Can you say the same for the average Chinaman?
And for those saying that China can use their 'massive' reserves to buy food. Well... that destroys the peg. That's what Bernanke wants, and China wants to avoid.
I think the CCP can easily see a few million Chinese starve or even resort to cannibalism before they move the peg. They've done it before.
Ben Bernanke starving the poor in China and India. I think he's going to put Pol Pot to shame with his ruthless efficiency. Killing Fields indeed.
Actually, Ben and his ilk have programmed folks in the US to attack the US poor. There's going to be pletty of the Killing Fields chapter in the US too, though it'll be over energy more than food: the Program is to blame all the left-leaning folks and environmentalists for the "problem" (of course, the "problem" has been that the system was pre-programmed for self-destruction to begin with- perpetual growth on a finite planet, but this isn't something that the entitled rich masses want to understand).
They aren't the only ones playing chicken at this moment in time...
"IT MAY seem strange to some that The Irish Times would ask whether this is what the men of 1916 died for: a bailout from the German chancellor with a few shillings of sympathy from the British chancellor on the side. There is the shame of it all. Having obtained our political independence from Britain to be the masters of our own affairs, we have now surrendered our sovereignty to the European Commission, the European Central Bank, and the International Monetary Fund. Their representatives ride into Merrion Street today."
http://www.irishtimes.com/newspaper/opinion/2010/1118/1224283626246.html
I don't get the ISM chart. I'm trying to recreate it at the St Louis Fed website, which is in principle very simple: ISM headline (NAPM) one one line, new orders -inventories (NAPMNOI - NAPMII) on another, but I can't , because in my chart there is a very visible uptick in (new orders - inventories), which is different from the above chart. I know AE has a dual Y axis graph and so it will look somewhat different, but I still think it's weird that they aren't more similar. Almost looks like he omitted the last pop in new orders. The way I interpret this graph is that the trend in new orders-inventories certainly has been down, but lately, the situation looks somewhat better. Somebody else please go to the website and try this:
http://research.stlouisfed.org/fred2/graph/?id=NAPMNOI,NAPMII,NAPM,
Kissinger summed up the game plan more than 25 years ago: "Control the oil and you control the nations; control the food and you control the people."
He might be just as wrong about that as about so much else that is disasterous in US and global modern history.
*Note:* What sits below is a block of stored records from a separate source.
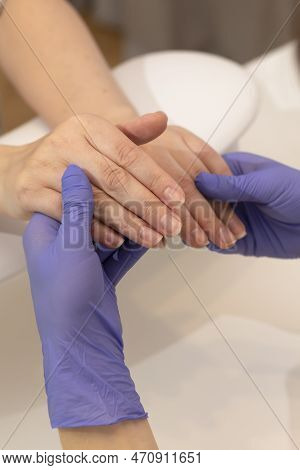 White Manicure Technician, Nail Stylist In Gloves Holds Hands Of Caucasian Client, Preparing Japanes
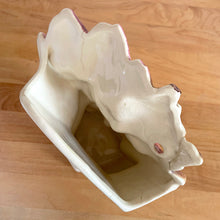 Load image into Gallery viewer, Rare vintage mid-century gloss pink tint magnolia vase with green leaves. Crafted by McCoy Pottery, USA, 1953. This special piece is must for any art pottery collector!

In as found used vintage condition. This vase has several cracks and a repair. Still displays well. Maker&#39;s mark.

Measures 7 x 3 1/2 x 8 1/4 inches

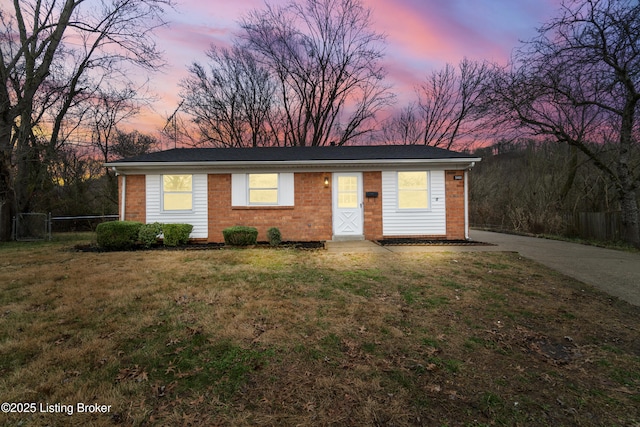 ranch-style house featuring a yard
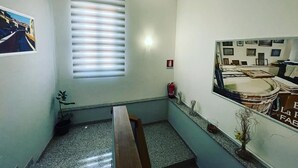 Une petite pièce étroite avec une fenêtre, un extincteur, une plante et un tableau encadré accroché au mur.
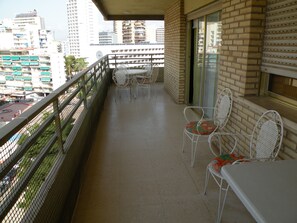 A balcony with a table and chairs, a view of the cityscape, and a brick wall. - Principado Centro 7 A (Benidorm)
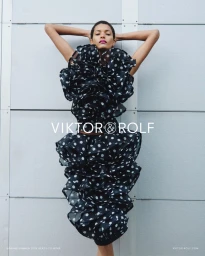 Model Laiza de Moura posing in a voluminous black and white polka dot ruffled dress against a grey panelled wall for Viktor and Rolf.
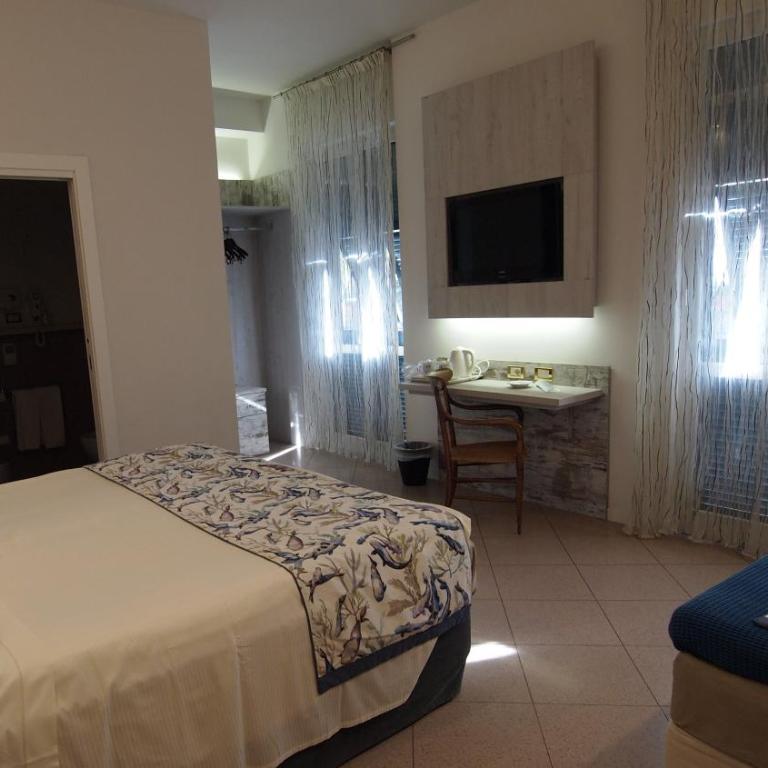 Piccolo Hotel - Camera Tripla Deluxe - 5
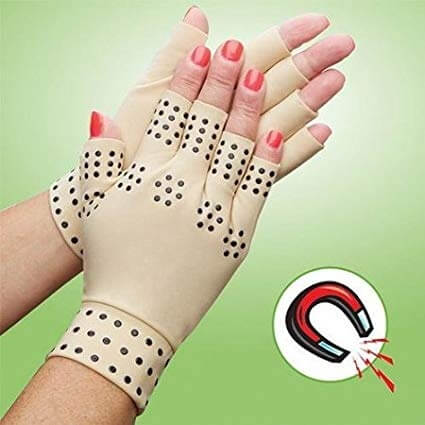 Close-up of therapeutic copper infused arthritis gloves with open fingers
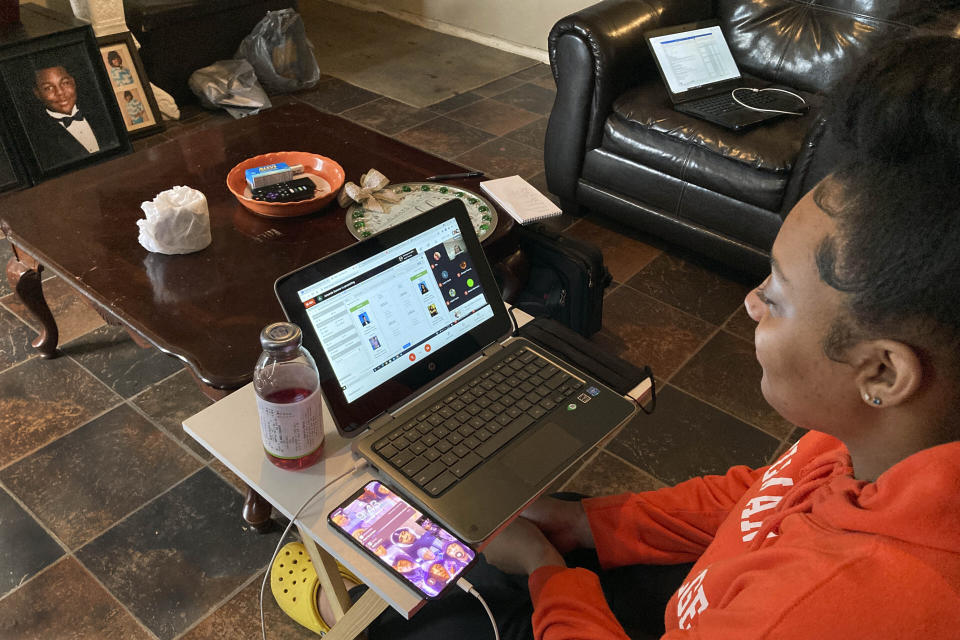 Kristen King, 17, a junior at Americus-Sumter High School, in Americus, Ga., sits on her living room couch, attending school via a Chromebook propped on a TV tray, in Americus, Ga., March 1, 2021. "It's been challenging," Kristen said. "I like hands-on help from my teachers. We can't really see our friends, like our school friends. We can't really socialize with them. We can't really do anything." (AP Photo/Jeff Amy)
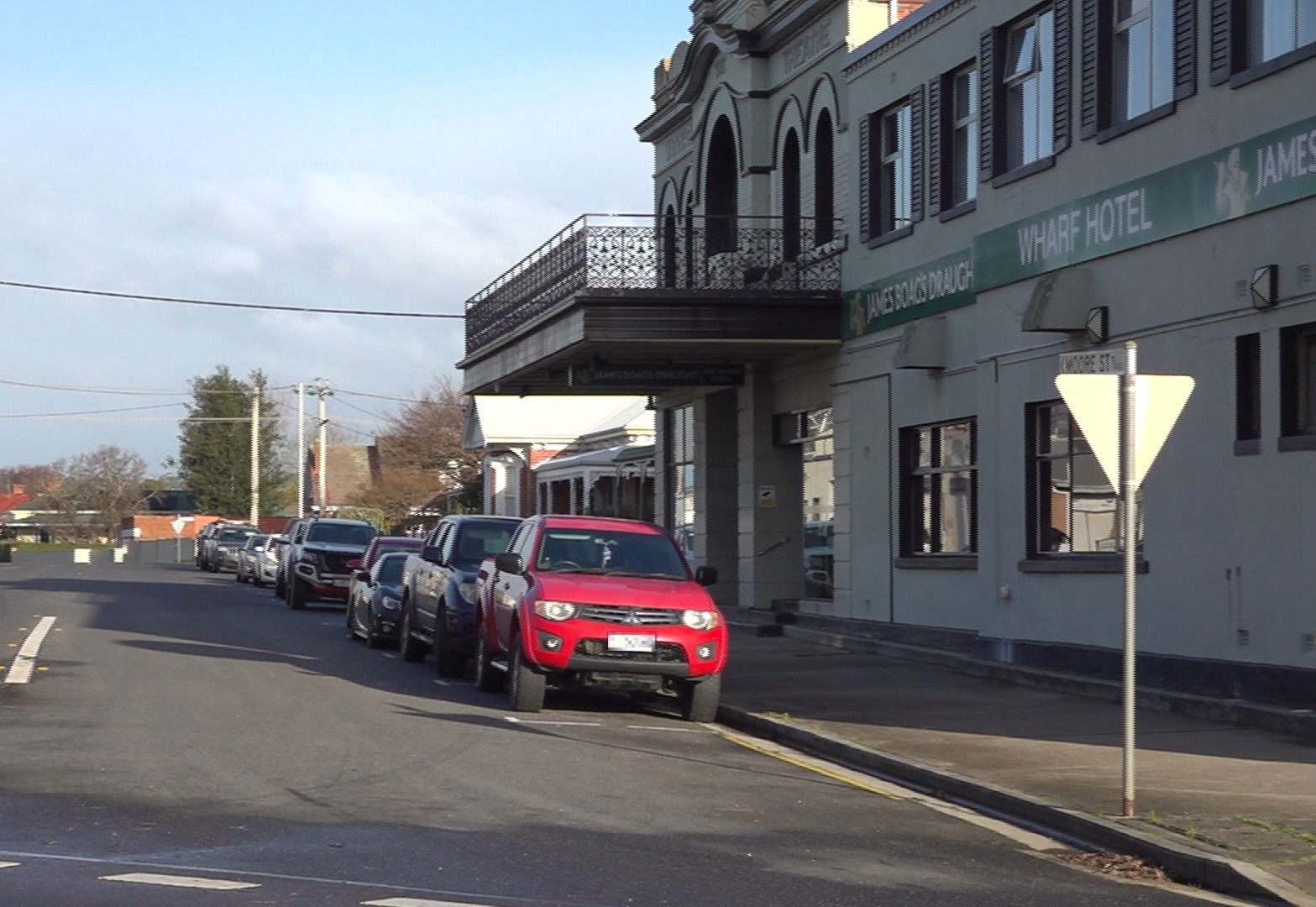 A line of cars parked outside the Wharf Hotel on a sunny day.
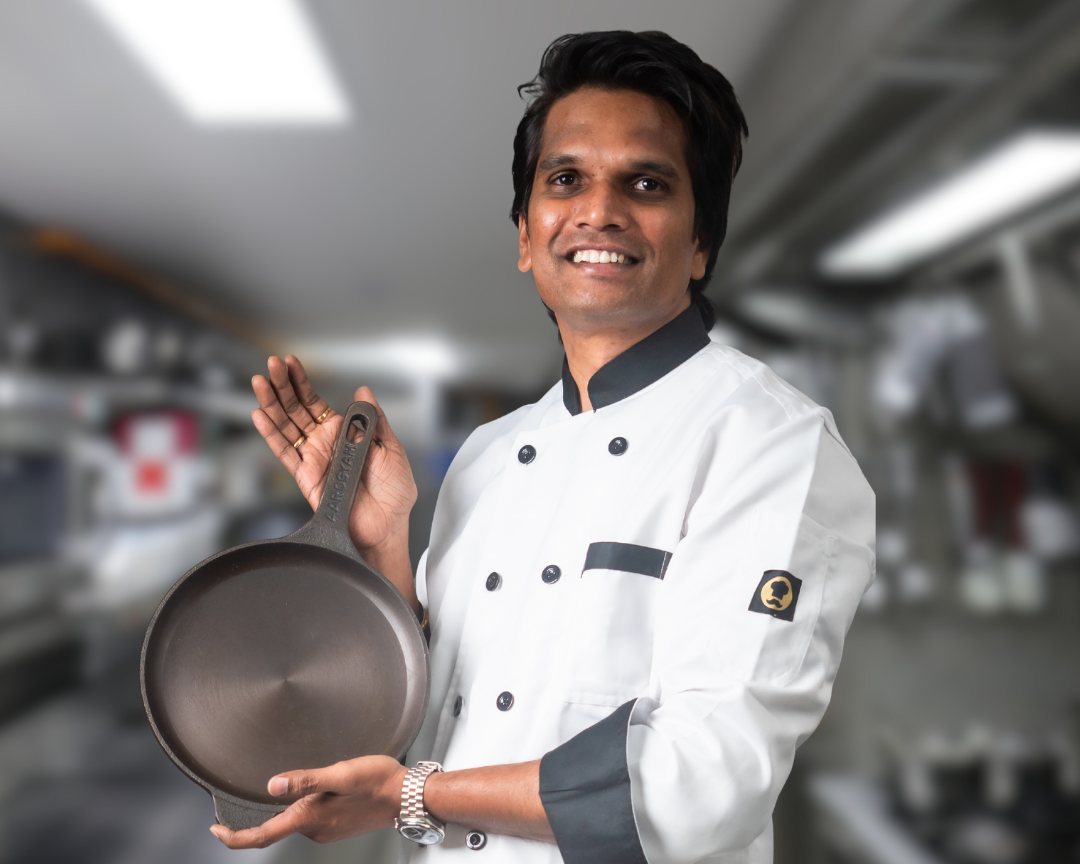 Chef holding a cast iron frying pan in a kitchen setting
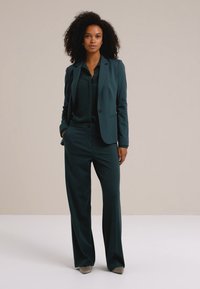 Costume sur mesure en teal avec un blazer ajusté et un pantalon à jambes larges. Tissu lisse, design classique et détails minimaux. Complété par un haut assorti.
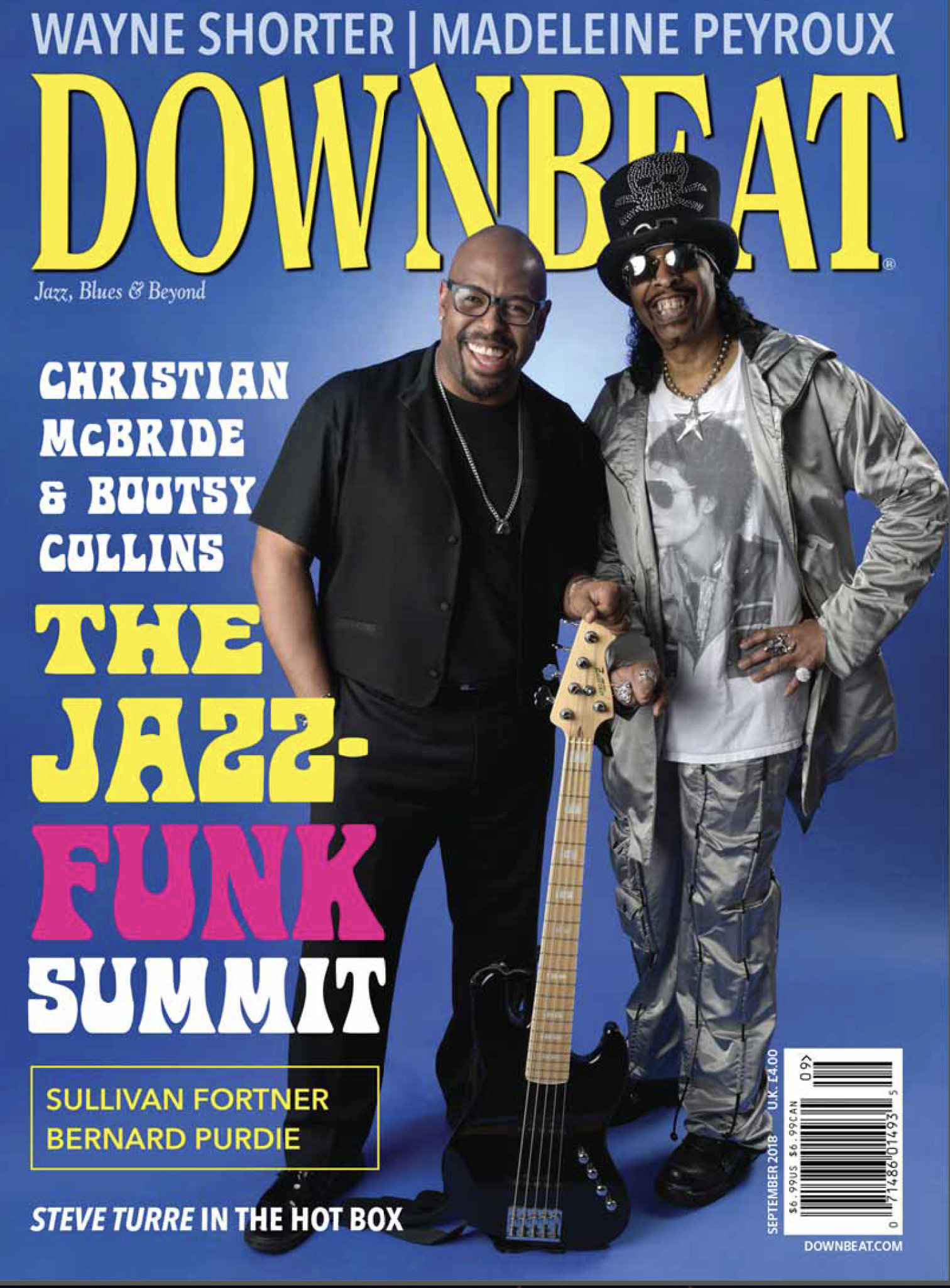 A magazine cover with two men holding guitars.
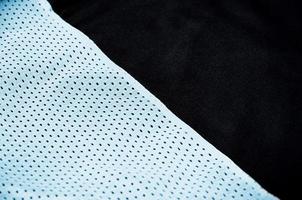 Close up of light blue polyester nylon sportswear shorts to created a textured background photo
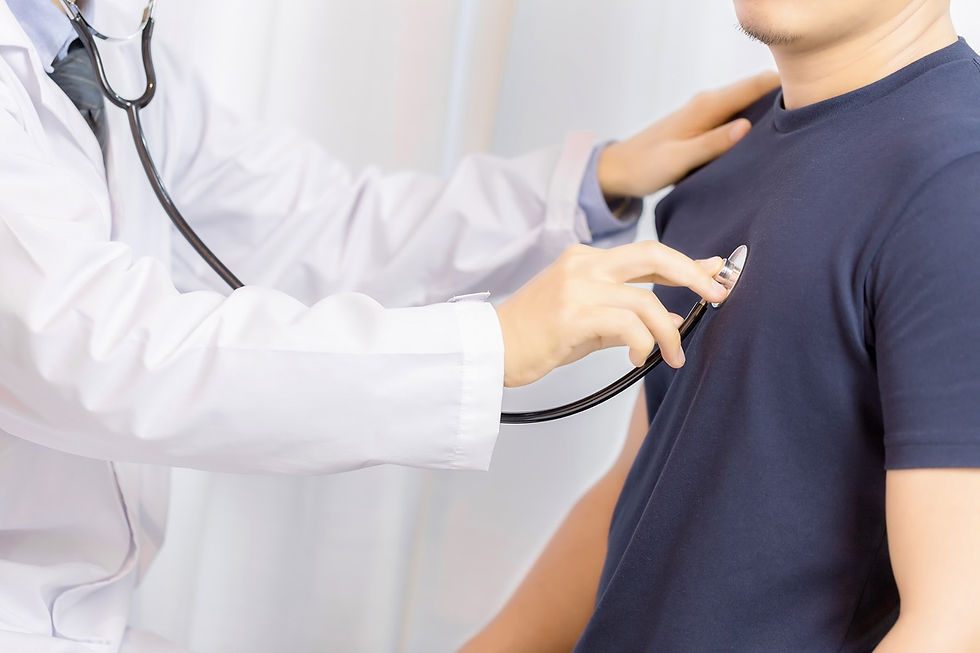Doctor in white coat using a stethoscope to check a patient's heartbeat in a clinical setting. The patient wears a navy shirt.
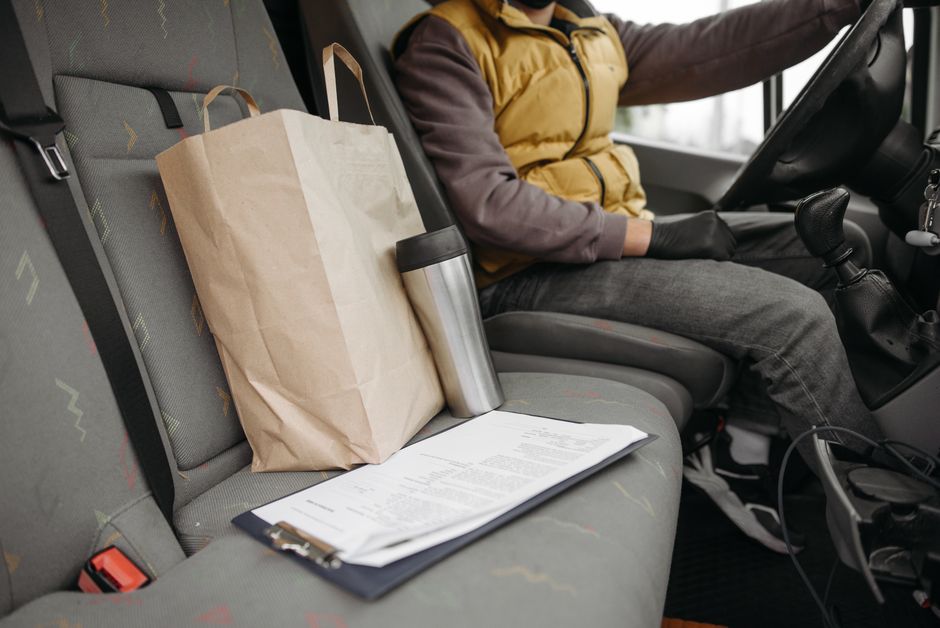 Documents on a car seat next to a driver, similar to the paperwork a car document holder keeps organized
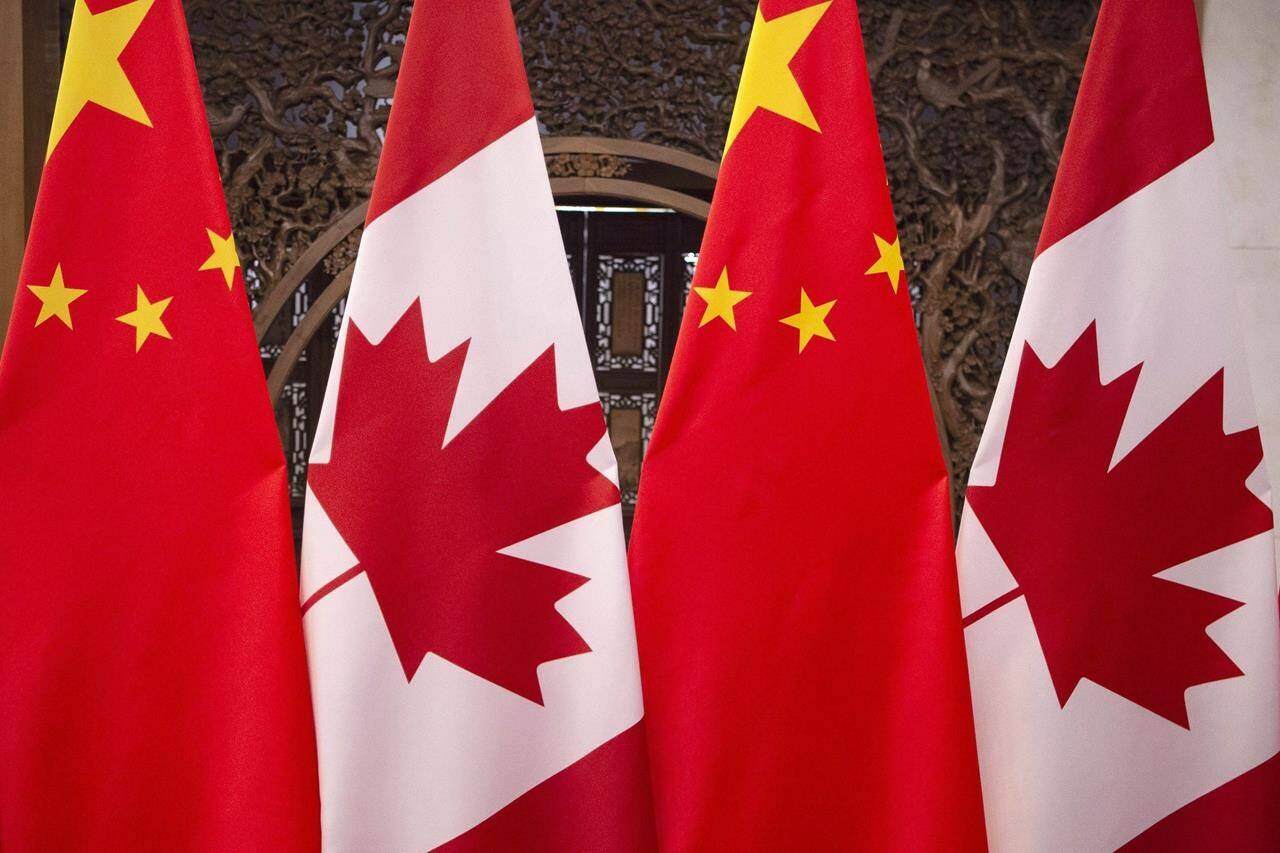 This Dec. 5, 2017, photo shows flags of Canada and China in Beijing. The CEO and the board of directions for the Pierre Elliott Trudeau Foundation say they are stepping down because of recent politicization surrounding their work. THE CANADIAN PRESS/AP, Fred Dufour, Pool Photo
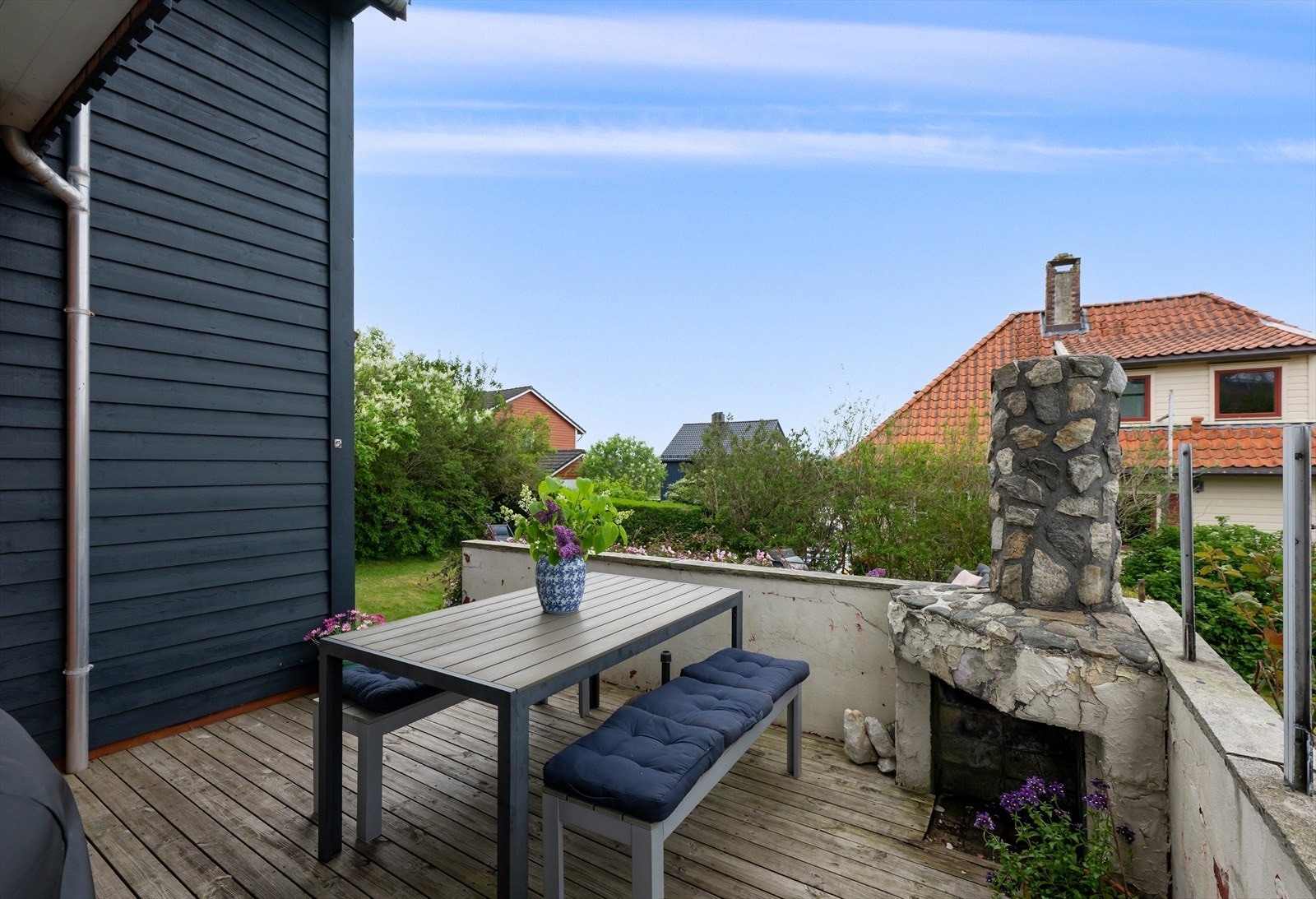 Uteplass med tregulv og en eldre utegrill. Galleribilde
The people have real power to bring down governments, especially when their children go hungry. To their credit, the Chinese bureaucrats have not forgotten this lesson as the DC elites have done.
Ooops. Quadruple post. Thanks NoScript!
Oops II (not to confused with Basle II).
Oops III (not to be confused with Basle III).
GM: $33.95. ouch!~
Look, people. The fed only cares about 1 thing. Trying to get the insolvent primary dealers out of their mess. That means deflating the dollar in the hope that housing prices will go back up and make their collateral good again... before hyperinflation sets in. It's a hail mary pass.
The fed doesn't give a rat's ass about the chinese people and their feeding, jobs anywhere, commodity prices or currency pairs. These are all secondary minutae for small minds to worry about.
Someone commented that PD's are talking thier book, and have taken massive RMB positions. Well, duh, of course they have. If you know the fed has no choice but to print USD, then you take positions accordingly. But that is just a side show. It's not the main event.
We have gone from a Goldilocks market to the Jim Croce Market. We are in a currency war and Big Ben wants to export inflation to the Chinese so as to starve them until they revalue their BS currency.
We are in a currency war and the mantra is: "You don't tug on Superman's cape, you don't spit into the into the wind, you don't pull the mask off that old Lone Ranger, and you don't mess around with Ben"This is not going to end well, thats for sure.
Are they really playing chicken? or are they bedfellows. The idea that Bernanke is acting alone, through his own analysis is the worst call of the 21st century...
This is an absolutely brilliant piece of analysis. Why is it so rare that I come upon smth. like this?
My bet is that the Chinese WILL blink. It is odd that few realize how huge their problem of urban poor is, and how similar it is to Russia ca. 1914..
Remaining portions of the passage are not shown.